▶ [DATA TO USE]
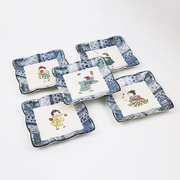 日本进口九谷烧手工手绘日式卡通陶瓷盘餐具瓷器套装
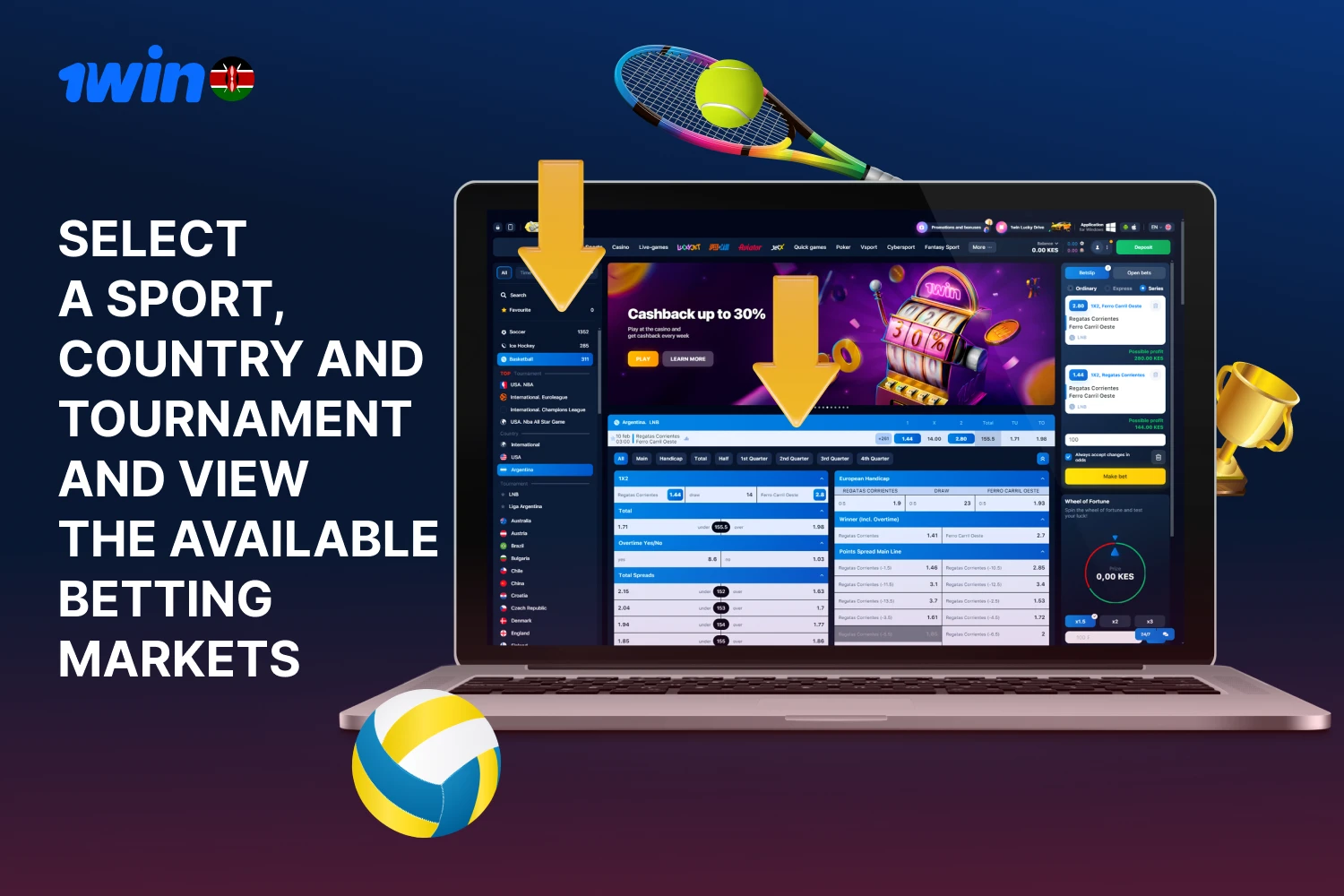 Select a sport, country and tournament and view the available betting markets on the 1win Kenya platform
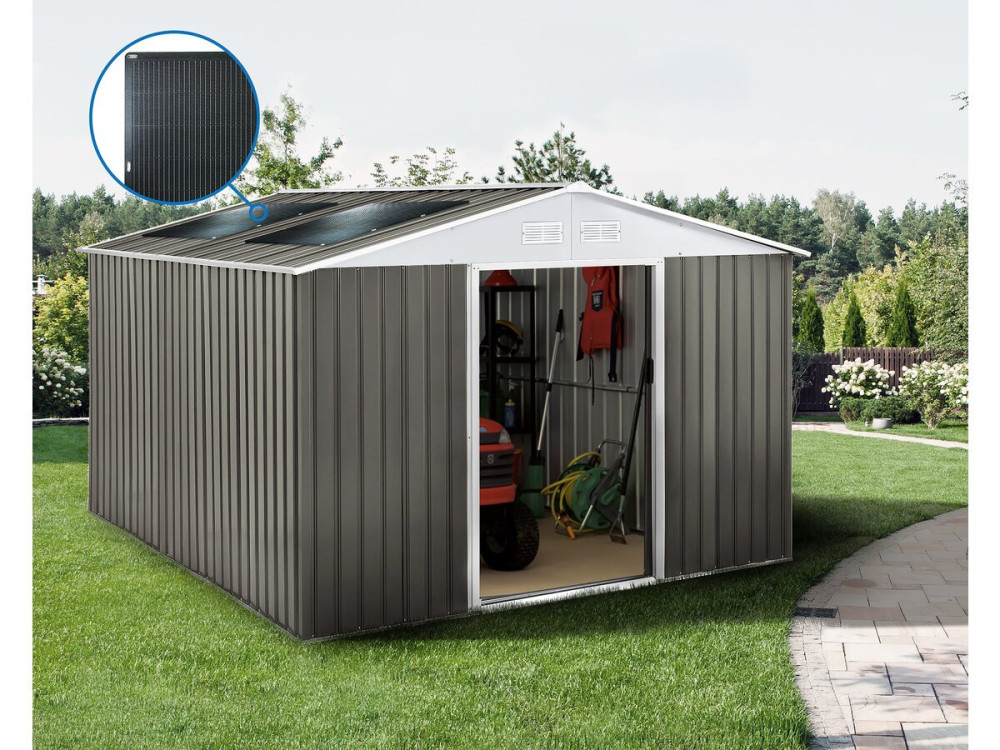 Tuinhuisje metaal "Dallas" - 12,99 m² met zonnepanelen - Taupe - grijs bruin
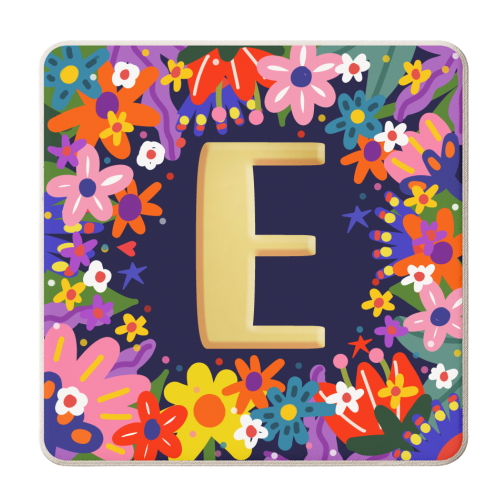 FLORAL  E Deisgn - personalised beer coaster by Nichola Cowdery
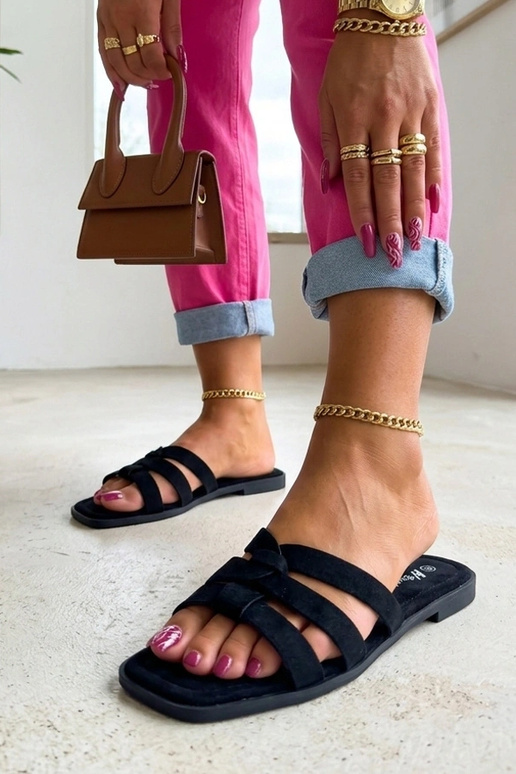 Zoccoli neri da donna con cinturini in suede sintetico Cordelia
==
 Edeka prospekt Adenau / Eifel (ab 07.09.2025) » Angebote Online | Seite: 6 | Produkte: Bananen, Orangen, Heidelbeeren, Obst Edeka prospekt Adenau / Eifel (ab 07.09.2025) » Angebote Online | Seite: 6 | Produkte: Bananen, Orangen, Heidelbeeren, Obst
...
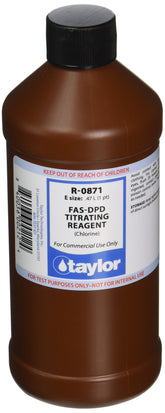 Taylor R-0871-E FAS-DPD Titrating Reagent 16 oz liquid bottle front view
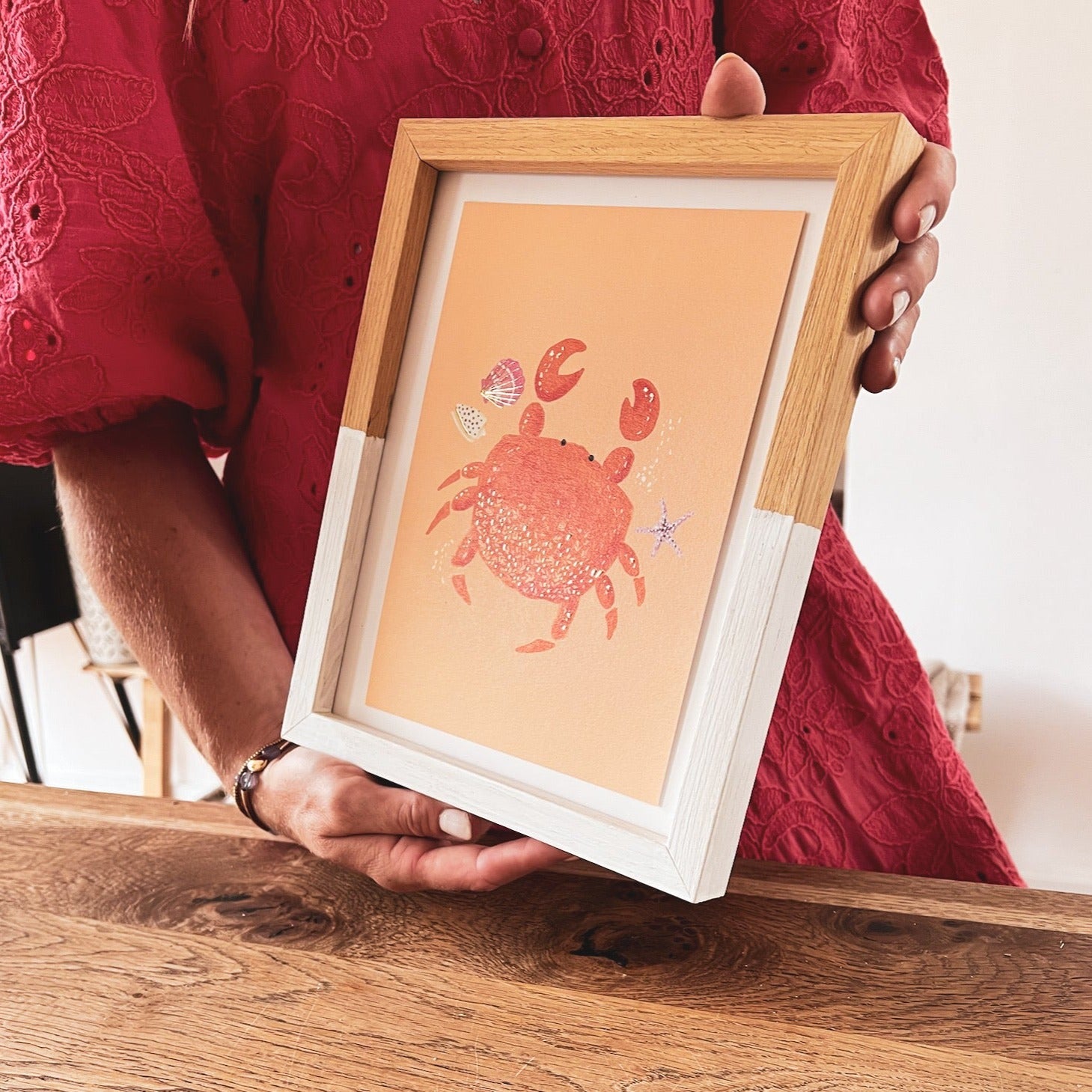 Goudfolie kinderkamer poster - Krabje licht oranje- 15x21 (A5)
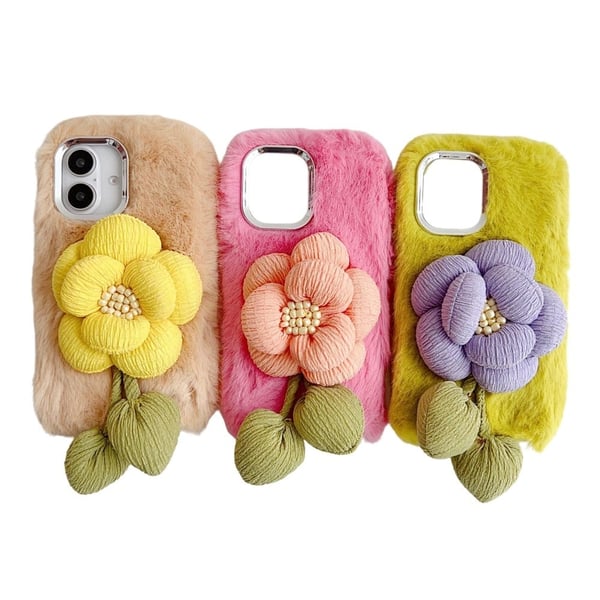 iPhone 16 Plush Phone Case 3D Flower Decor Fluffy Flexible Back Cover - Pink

▶ [TASK INSTRUCTIONS] Without the pictures, give again exactly the lines above starting at the line containing "Goudfolie kinderkamer poster" and ending at the line containing "iPhone 16 Plush".

▶ [TASK RESPONSE]
 Goudfolie kinderkamer poster - Krabje licht oranje- 15x21 (A5)
 iPhone 16 Plush Phone Case 3D Flower Decor Fluffy Flexible Back Cover - Pink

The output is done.